Yale Conference Commemorates Visionary Statesman Joaquim Nabuco
A two-day conference commemorating the centenary of two lectures delivered at Yale by Brazil’s first ambassador to the United States, Joaquim Nabuco (1849–1910), will take place in Sterling Memorial Library Lecture Hall, 120 High Street, April 4 and 5.
|Brazil’s first ambassador to the United States, Joaquim Nabuco (1849–1910)|
Titled “Joaquim Nabuco at Yale: Statesman, Author, Ambassador,” the conference, which is free and open to the public, will begin at 2 p.m. on Friday and resume on Saturday at 10 a.m.
Considered one of the most distinguished political and intellectual figures of his age, Nabuco is revered in Brazil for his crusade for the abolition of slavery. His formative years were divided between the plantation in Pernambuco where he spent his early childhood, and an elite school on the European model in Rio de Janeiro.
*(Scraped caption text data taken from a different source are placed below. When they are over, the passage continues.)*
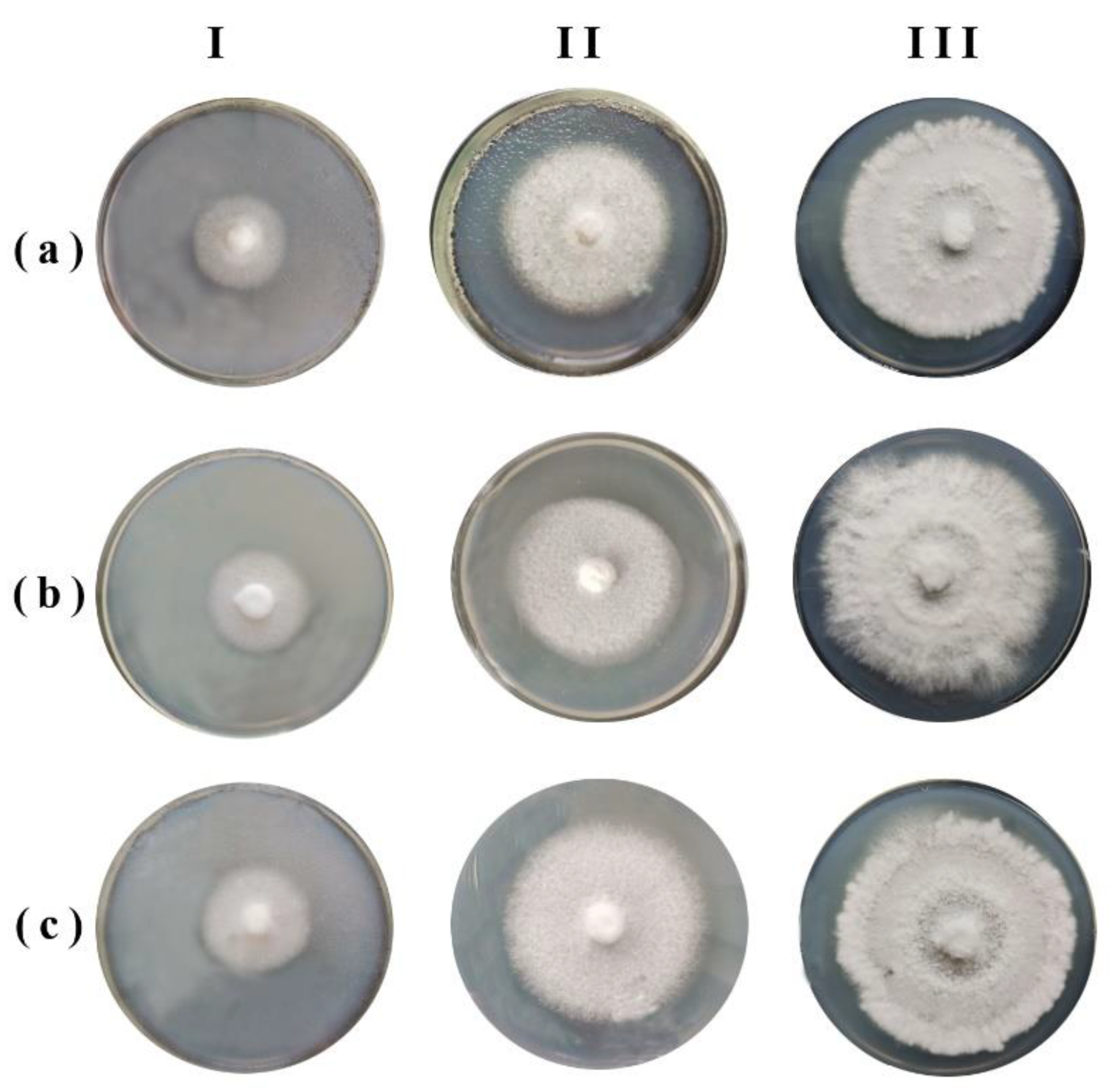 Jof 08 01296 g005 Jof 08 01296 g005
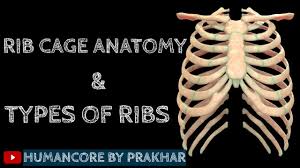 In this anatomy lesson, i'm going to cover the rib bones, also called costae in latin. Rib Anatomy True Ribs False Ribs Floating Ribs Typical Vs Atypical Ribs Youtube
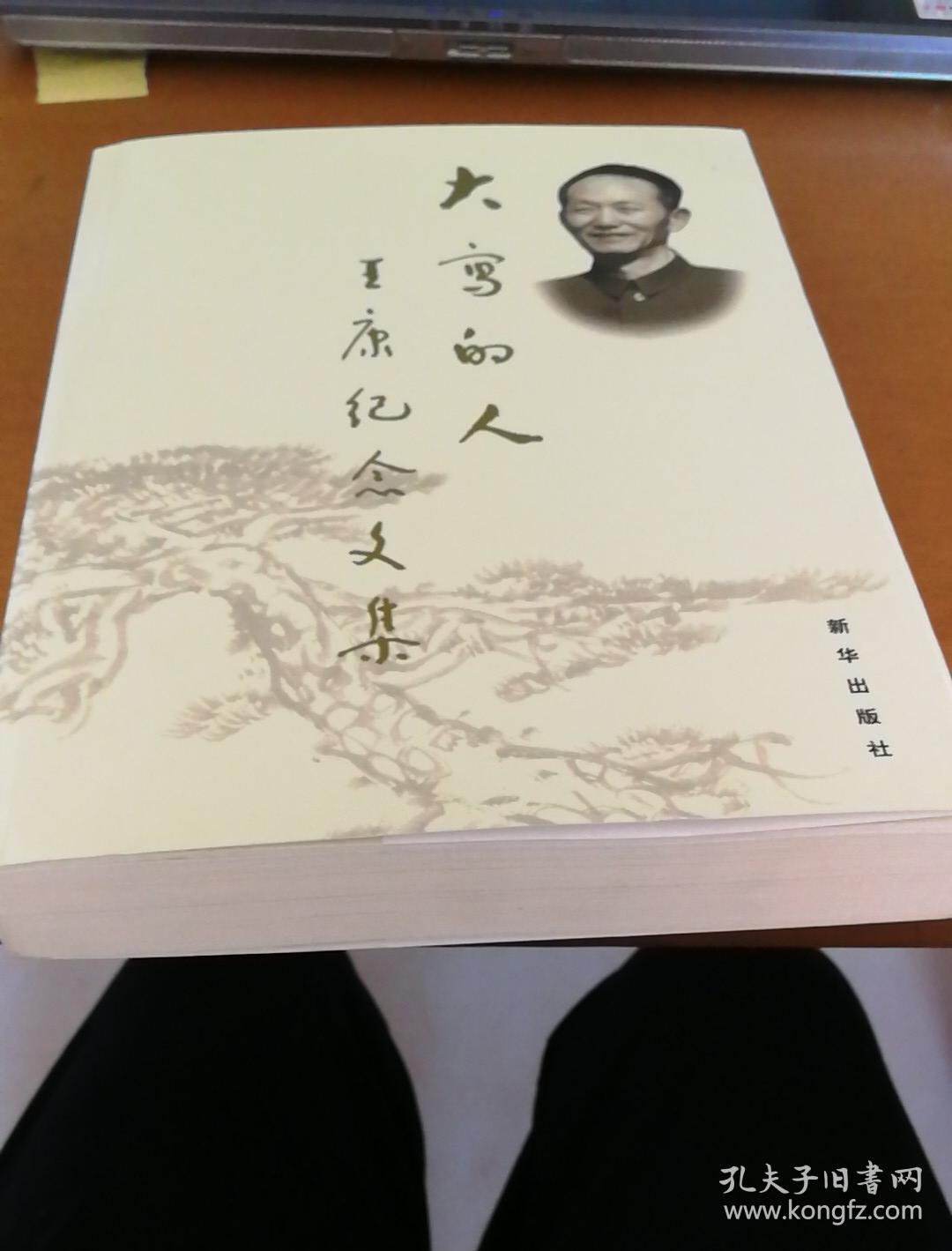 大写的人:王康纪念文集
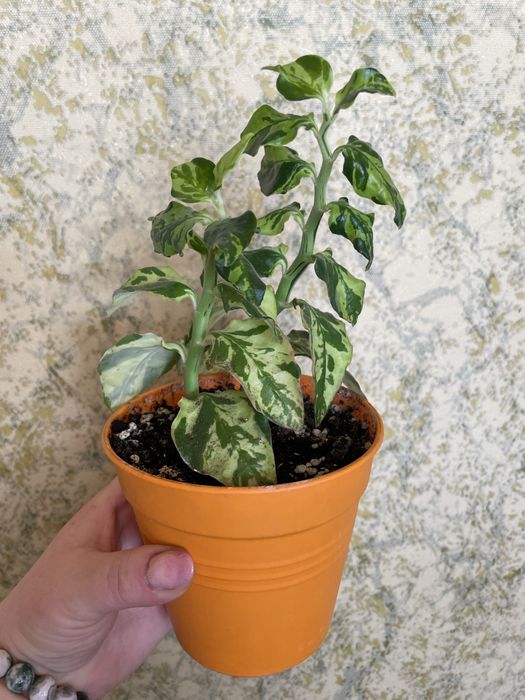 Вазони,педілантус тітімалоідний,молодий кущ з двох рослин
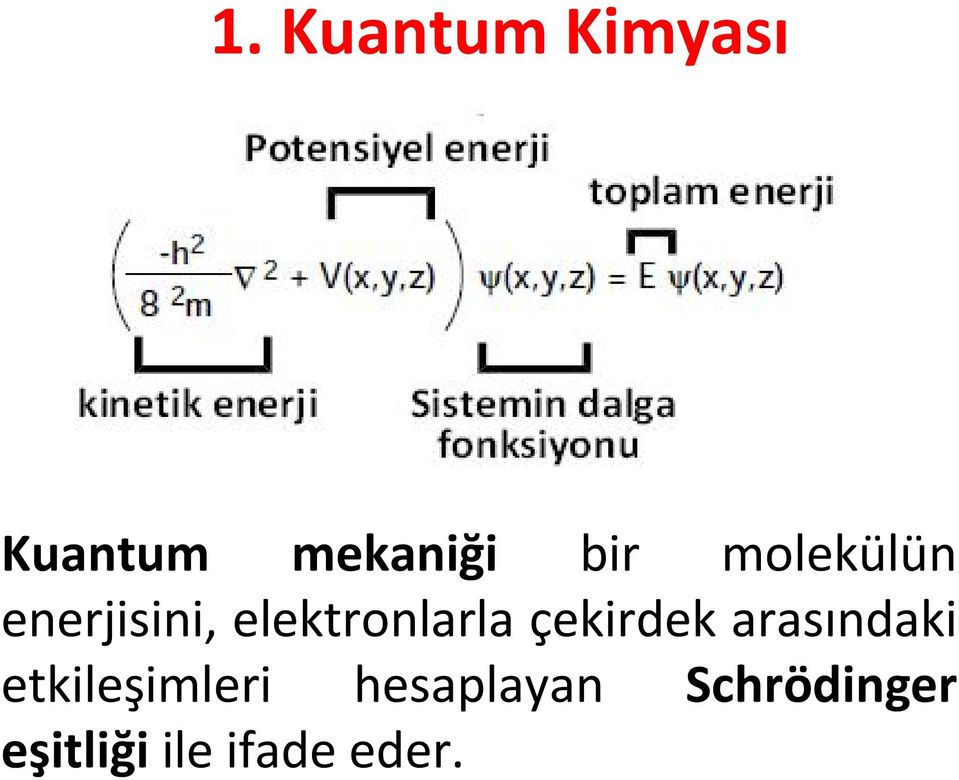 çekirdek arasındaki etkileşimleri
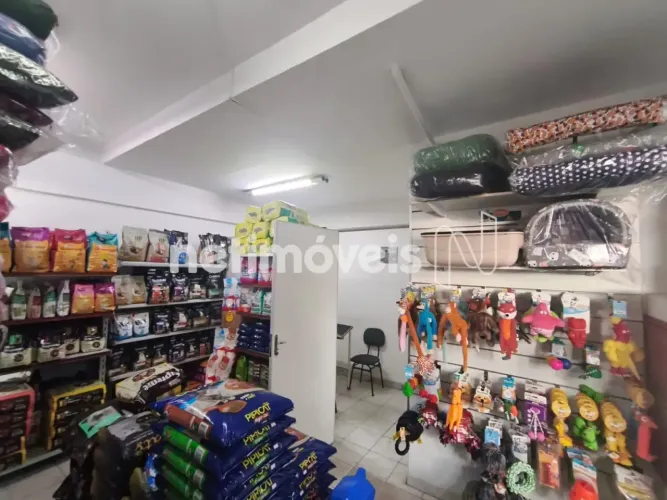 Loja no Nova Granada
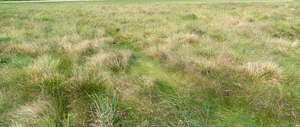 field with tufts of grass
Nabuco was one of the founding members of the Brazilian Academy of Letters and served as Brazilian ambassador in London before coming to Washington, D.C. in 1905. His tenure as Brazil’s ambassador to the United States, during the presidency of Theodore Roosevelt, belongs to a period of the first pan-American conferences.
Nabuco was a prolific writer in Portuguese, French, and English. A biography by his daughter Carolina Nabuco was translated to English and published by Stanford University Press in 1950. His writings on abolitionism were translated and published by University of Illinois Press in 1977.
Nabuco’s lectures at Yale were the first of a series that he delivered at six U.S. universities in 1908–1909. Three were studies of the Portuguese poet Camões, and three were on Brazilian and American civilization. Nabuco sought to put Brazil and the United States on a comparative and equal footing as leading nations of the Americas. In 1906, he arranged for Elihu Root to visit Brazil—the first visit by a U.S. Secretary of State to Latin America.
Specialists on Nabuco and Latin American history and political thought will participate in the conference. These include professors Leslie Bethell, Oxford University, editor and author of the “Cambridge History of Latin America”; Stephanie Dennison University of Leeds, author of a 2006 book published by Oxford University Press on Nabuco’s pan-Americanism; and Jeffrey Needell, University of Florida, a specialist on late-19th-century Brazilian politics and culture. Among other conference participants are the Brazilian consul general to Chicago, Ambassador João Almino, and John Schulz, author of “The Financial Crisis of Abolition” (Yale University Press, 2008). Almino, author of the recently published novel “The Five Seasons of Love,” will discuss Nabuco’s view of the “two Americas.” Schulz will address the failure of social reform.
Nabuco’s 1908 visit to Yale represents the most important contact between the University and Brazil. Members of the Nabuco family, Brazilian diplomatic corps, and officials of the Brazilian government are expected to attend. The conference was organized by Professor K. David Jackson (Department of Spanish & Portuguese), a scholar of Brazilian literature.